Серебро, уплаченное прачке за помывку в бане, вечером превратилось в баранью полть. Купленную половину туши женщины разделали, вечером сварили густой бульон, каковой, когда остыл, терпеливая Снежана по ложечке стала заливать больному в рот. Тот и вправду глотал, хотя больше никаких признаков жизни не подавал. Даже дышал еле-еле, в полушаге не слышно.
– Одно хорошо, сами в кои веки мяса поедим, – сварливо сказала знахарка, обдирая вареное мясо в миску. – Ему твердого ничего не проглотить.
– И долго он так лежать будет, теть Зорь? – оглянулась Снежана.
– Ты корми, корми. Первый день всего лежит, а уж притомилась. Сколь на роду ему написано, столько и пролежит.
* * *
Обедал Виктор Аркадьевич в больничной столовой, кататься по ресторанам настроения не было. Впрочем, есть тоже не хотелось. Но – нужно. Организму полагается. Вот и ковырялся бизнесмен алюминиевой вилкой в куриной котлете, больше похожей на криво раздавленную картошину. Поэтому звонок телефона он воспринял с облегчением, поднес трубку к уху:
– Здравствуй, Алевтина. Как ты там?
– Мне-то чего сделается, пап? Скажи, как Оля?
– Медики сошлись на решении сшивать. Дадут некоторое время, чтобы заросло, пока на искусственной циркуляции лежит. Потом пустят кровоток в мышцу и попытаются запустить. От операции сложностей не ждут, но вот как пойдет заживление, даже гадать не пробуют.
– Понятно. А вы с ней что, решили пожениться?

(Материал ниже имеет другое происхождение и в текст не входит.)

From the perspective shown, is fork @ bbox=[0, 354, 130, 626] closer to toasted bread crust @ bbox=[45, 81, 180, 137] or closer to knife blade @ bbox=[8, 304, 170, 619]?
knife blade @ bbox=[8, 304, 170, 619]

– Вот, черт! Это тебе Юра проболтался?
– Нет, в Интернете прочитала, на форуме больничном. Много интересного узнала, как богатого папика захомутать можно.

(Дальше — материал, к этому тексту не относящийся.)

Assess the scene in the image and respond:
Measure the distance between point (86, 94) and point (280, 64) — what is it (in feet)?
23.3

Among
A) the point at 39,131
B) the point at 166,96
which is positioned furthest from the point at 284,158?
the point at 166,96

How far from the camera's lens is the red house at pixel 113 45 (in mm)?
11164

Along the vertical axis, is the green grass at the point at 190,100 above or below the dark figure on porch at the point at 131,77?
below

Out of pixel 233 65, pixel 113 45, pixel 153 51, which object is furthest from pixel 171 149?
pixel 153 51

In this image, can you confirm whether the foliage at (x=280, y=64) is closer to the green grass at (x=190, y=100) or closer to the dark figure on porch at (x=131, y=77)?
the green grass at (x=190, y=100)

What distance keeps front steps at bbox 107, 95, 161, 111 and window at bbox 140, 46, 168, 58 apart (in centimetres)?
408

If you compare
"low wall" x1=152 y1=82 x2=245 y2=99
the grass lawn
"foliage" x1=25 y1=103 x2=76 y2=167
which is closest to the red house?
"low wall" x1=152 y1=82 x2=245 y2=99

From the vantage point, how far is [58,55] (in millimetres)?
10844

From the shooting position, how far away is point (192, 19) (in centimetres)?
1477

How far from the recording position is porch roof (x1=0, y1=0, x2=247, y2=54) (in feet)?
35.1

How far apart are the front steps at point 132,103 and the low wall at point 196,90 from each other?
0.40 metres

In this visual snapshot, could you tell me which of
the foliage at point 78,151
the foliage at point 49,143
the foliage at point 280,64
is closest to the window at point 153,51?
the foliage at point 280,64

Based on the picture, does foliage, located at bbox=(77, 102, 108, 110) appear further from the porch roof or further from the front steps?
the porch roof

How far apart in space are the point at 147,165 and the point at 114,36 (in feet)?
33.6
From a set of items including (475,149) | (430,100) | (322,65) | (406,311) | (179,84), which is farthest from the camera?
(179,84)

– Да очень просто! – не выдержал бизнесмен. – Две пули вместо него на себя принять!
– Пап, ты чего? Да женитесь, сколько хотите! Я же взрослая, я понимаю… Уж лучше Оля, чем блондинка какая-нибудь придурочная. Оля стремная. И рыжая.

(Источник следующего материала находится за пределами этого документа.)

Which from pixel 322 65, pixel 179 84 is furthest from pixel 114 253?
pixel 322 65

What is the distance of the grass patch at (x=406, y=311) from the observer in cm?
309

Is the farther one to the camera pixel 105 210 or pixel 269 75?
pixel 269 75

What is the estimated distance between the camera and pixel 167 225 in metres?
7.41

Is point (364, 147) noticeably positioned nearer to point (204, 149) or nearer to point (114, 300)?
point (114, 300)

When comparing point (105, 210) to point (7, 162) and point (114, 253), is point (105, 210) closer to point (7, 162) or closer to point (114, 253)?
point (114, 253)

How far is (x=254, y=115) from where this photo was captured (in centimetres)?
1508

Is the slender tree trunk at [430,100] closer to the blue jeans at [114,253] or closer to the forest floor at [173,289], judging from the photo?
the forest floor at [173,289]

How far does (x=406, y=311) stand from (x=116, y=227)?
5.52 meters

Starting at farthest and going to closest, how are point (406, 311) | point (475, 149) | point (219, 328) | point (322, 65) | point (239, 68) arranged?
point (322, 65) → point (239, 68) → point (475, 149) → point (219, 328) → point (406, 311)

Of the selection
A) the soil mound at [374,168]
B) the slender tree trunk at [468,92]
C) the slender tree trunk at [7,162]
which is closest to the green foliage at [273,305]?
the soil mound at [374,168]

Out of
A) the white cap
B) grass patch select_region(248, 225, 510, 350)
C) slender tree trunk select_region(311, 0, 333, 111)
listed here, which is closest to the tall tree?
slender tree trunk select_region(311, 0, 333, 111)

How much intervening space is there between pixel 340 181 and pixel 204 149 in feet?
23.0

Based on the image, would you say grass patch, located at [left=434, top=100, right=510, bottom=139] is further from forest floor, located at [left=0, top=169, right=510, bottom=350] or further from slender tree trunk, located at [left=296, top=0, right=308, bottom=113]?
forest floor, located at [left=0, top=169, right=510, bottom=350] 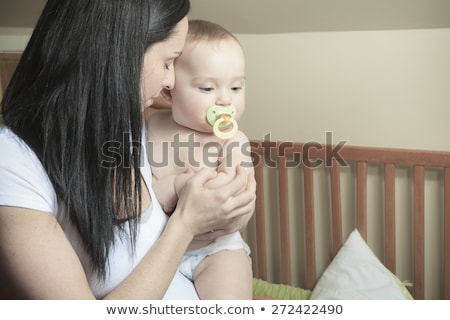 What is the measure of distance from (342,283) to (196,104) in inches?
35.8

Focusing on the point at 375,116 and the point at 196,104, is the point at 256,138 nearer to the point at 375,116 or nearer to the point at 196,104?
the point at 375,116

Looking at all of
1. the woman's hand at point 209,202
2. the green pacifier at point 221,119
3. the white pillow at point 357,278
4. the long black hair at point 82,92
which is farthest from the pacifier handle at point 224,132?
the white pillow at point 357,278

– Да слухи это, дочь. Я так сказал, чтобы родственником считаться.
– А-а, так она не в курсе? – сразу повеселела Алевтина. – Ну что, папа, могу только посочувствовать. Вот возьмет и откажется. Во-первых, останешься без нормальной подруги, а во-вторых, тебя все знакомые сожрут за то, что ты ее бросил.
– Пусть сперва вылечится, потом разберемся, – Виктор Аркадьевич отключил телефон. Посмотрел на котлету, на вилку и бросил ее на тарелку: – Самое мерзкое – это когда ничего сделать не можешь. Только сидеть и ждать, чем все кончится. Еще и кормят здесь отравой!
Он поднялся и рассерженно вышел из столовой.
* * *
– Лежит? – вернувшись с торга, спросила с порога знахарка.